Emma Forrest, 19, has felt shame just once. You'll never guess why

My mum feels shame about everything. The state of the house, her age, her hair, the world. At times I wonder if she is keeping all the shame to herself because it's actually quite satisfying. She's a Shame Hog, a secret wearer of those "I Thrive On Stress" T-shirts you can buy in chichi New York tourist traps. But like those curious movie stars who manage to be both skinny and voluptuous at the same time, Mum, despite her permanently furrowed brow, has always made it her duty not to transfer her shame on to her children.

"If you want to try drugs, I'd rather you did it in this house, where I'd know you were safe. If you ever got pregnant, you'd have an abortion. If you were raped, you would still be alive. All I really worry about is you getting yourself killed. That's it. The rest is manageable." I was about 13 when she explained that the only real way I could bring shame on the family would be by dying.

At times I felt jealous of my friends, who enjoyed a far greater range of shame. Their Mothers read their diaries, confronted them about marijuana joints and same-sex kisses, grounded them for months. Mum maintains that the most terrible thing you can do is read your child's diary. Other parents yelled at their kids to "turn that racket down" and refused to buy them Madonna records. When "Like A Virgin" came out I was about seven. Mum used my fascination with the single as an imaginative lead into the big birds-and-bees talk. I was allowed to ask anything at all, so the discussion started with "Do daddies have boys and mummies have girls?" and culminated with the classic "How do lesbians have sex?"

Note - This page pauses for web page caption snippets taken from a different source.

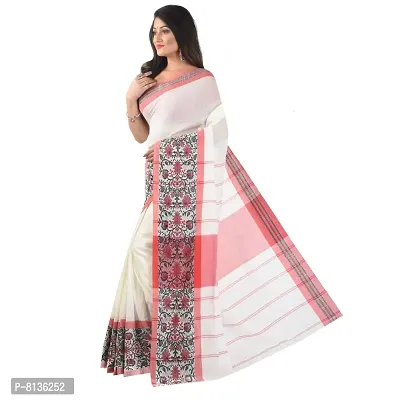 NILUS Soft Pure Cotton Khadi Handloom Saree (Begumpuri Design) (White, Red)-thumb3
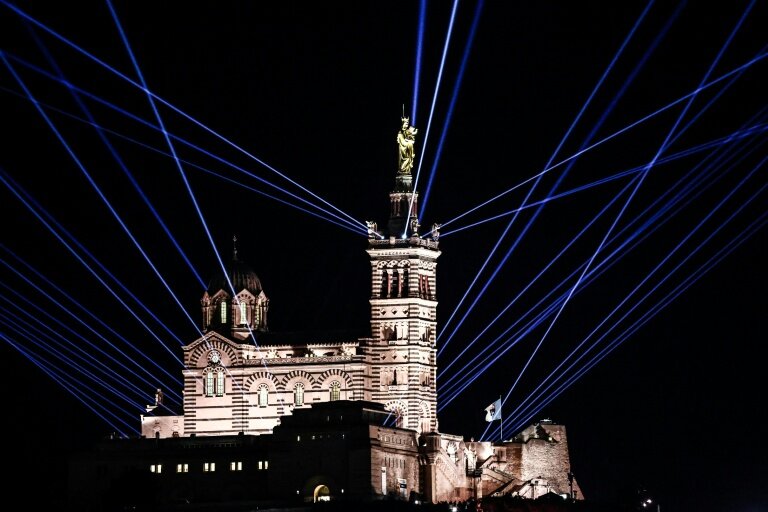 Spectacle son et lumière pour le retour de la Bonne-Mère à Marseille, le 7 décembre 2025 © Thibaud MORITZ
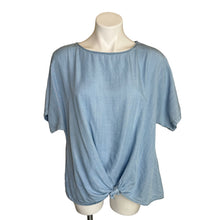 Load image into Gallery viewer, Loft | Women&#39;s Light Wash Denim Short Sleeve Tie Front Top | Size: L
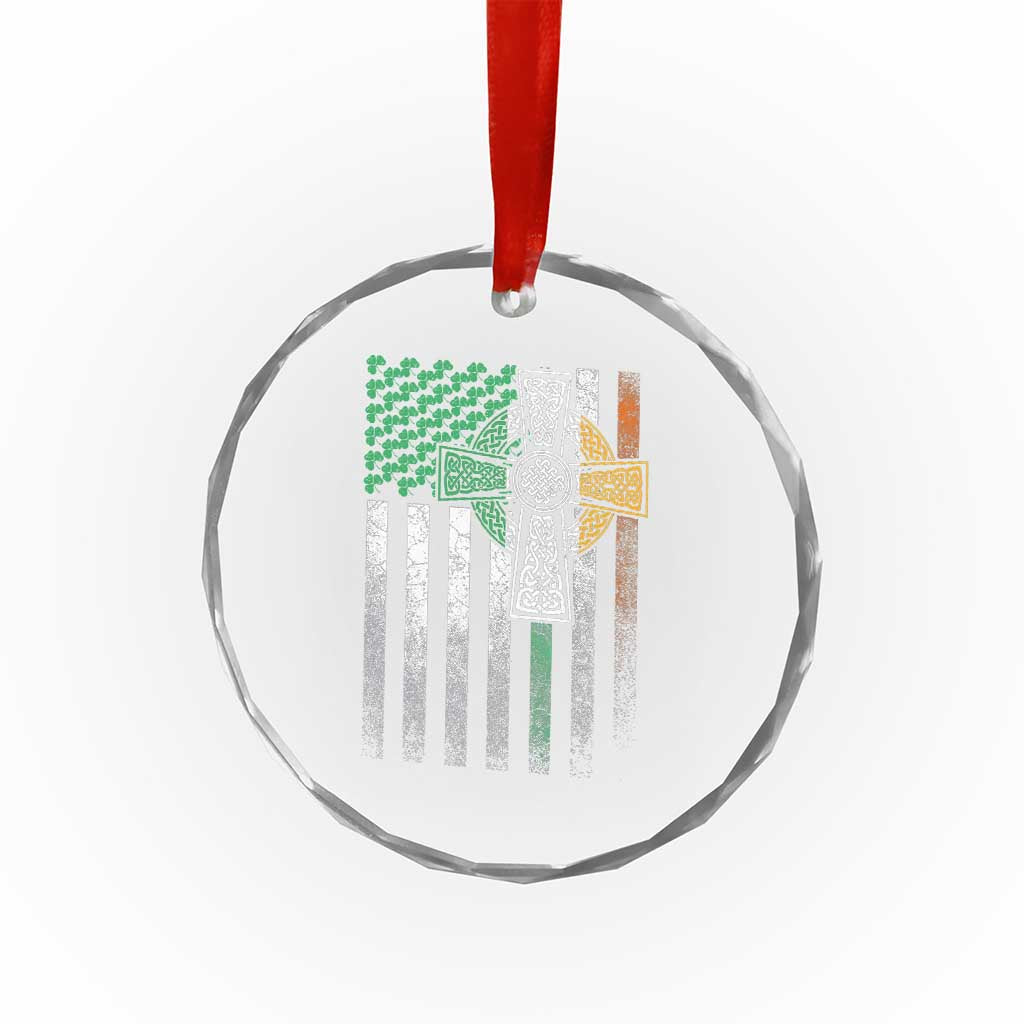 Irish Pride Crystal Glass Ornament American Flag Celtic Cross Shamrock St Patrick's Day - Wonder Print Shop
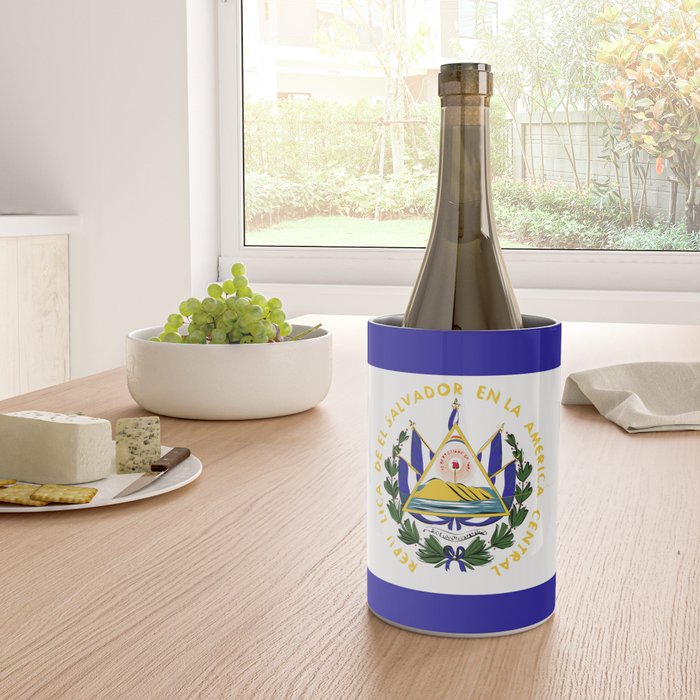 El Salvador flag emblem Wine Chiller Gallery Image 4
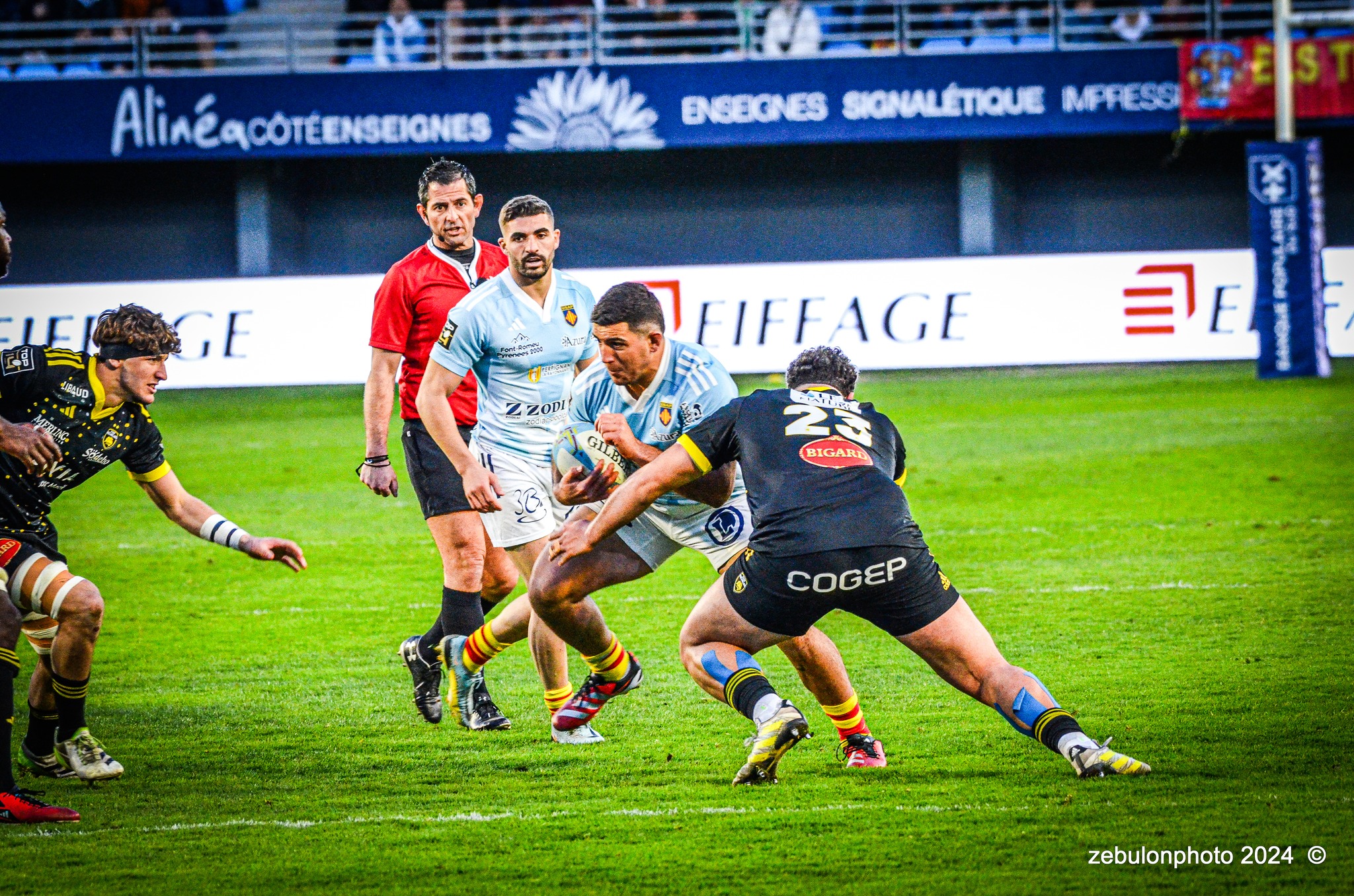  US Arlequins Perpignanais - Stade Rochelais - Rugby - TOP 14 - Perpignan (27) vs (15) La Rochelle (#TOP12USAPSR02) Photo by: Photo Zebulon | Siuxy Sports 2024-02-24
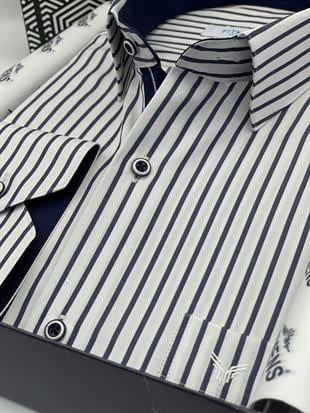 Klasik Uzun Kol Kalın Çizgili Hediye Kutulu Erkek Gömlek FS-001260 - Beyaz Lacivert
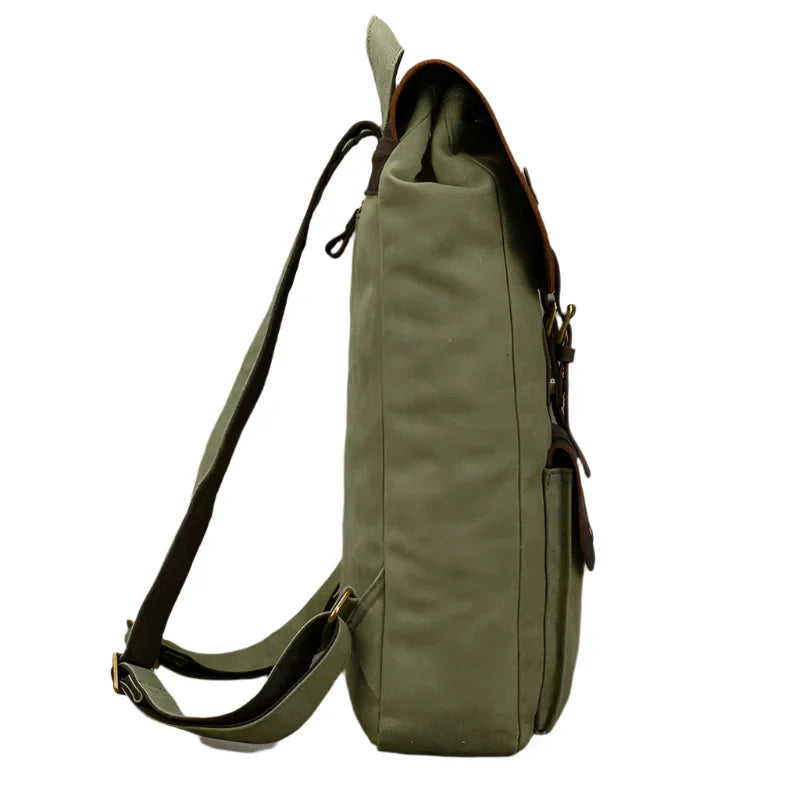 Genuine Leather & Canvas Rucksack | Vintage College Laptop Backpack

During a stay in a Paris hotel, when I was eight and my sister was five, Mum and Dad came back to the room to find the porn channel on. I don't remember them scolding us. In fact, the only one who said anything was my sister, who whipped off her vest and hopped around the room crying "Boosies up, girls!"

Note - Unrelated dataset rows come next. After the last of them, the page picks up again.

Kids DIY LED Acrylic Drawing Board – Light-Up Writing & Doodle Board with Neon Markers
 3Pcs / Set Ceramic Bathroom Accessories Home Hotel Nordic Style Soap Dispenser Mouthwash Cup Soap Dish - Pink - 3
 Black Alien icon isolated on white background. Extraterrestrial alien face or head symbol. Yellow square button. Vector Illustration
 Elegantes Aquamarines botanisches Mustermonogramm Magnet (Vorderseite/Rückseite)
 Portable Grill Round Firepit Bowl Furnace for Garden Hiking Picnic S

Later in life, they were always comfortable about having my boyfriend to stay. For a long time I thought I might never leave home, precisely because, although there were rules, my freedom was in no way curtailed.

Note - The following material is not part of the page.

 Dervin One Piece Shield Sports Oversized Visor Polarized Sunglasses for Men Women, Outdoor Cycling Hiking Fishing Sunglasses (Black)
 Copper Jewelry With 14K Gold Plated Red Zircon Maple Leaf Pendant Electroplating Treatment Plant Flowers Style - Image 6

In our first house, I woke up one day and decided to paint a mural on my bedroom wall and get all my friends to add their own designs. A small cousin explained to her sister that "she's only allowed to do it because the walls are about to be repainted. Of course her Mummy wouldn't really let her get away with it." She was not pleased at being corrected. I gave her a guided tour around the sloppy suns and poster-paint renderings of De La Soul and pointed out the best painting on the whole wall, which was the one my Dad did.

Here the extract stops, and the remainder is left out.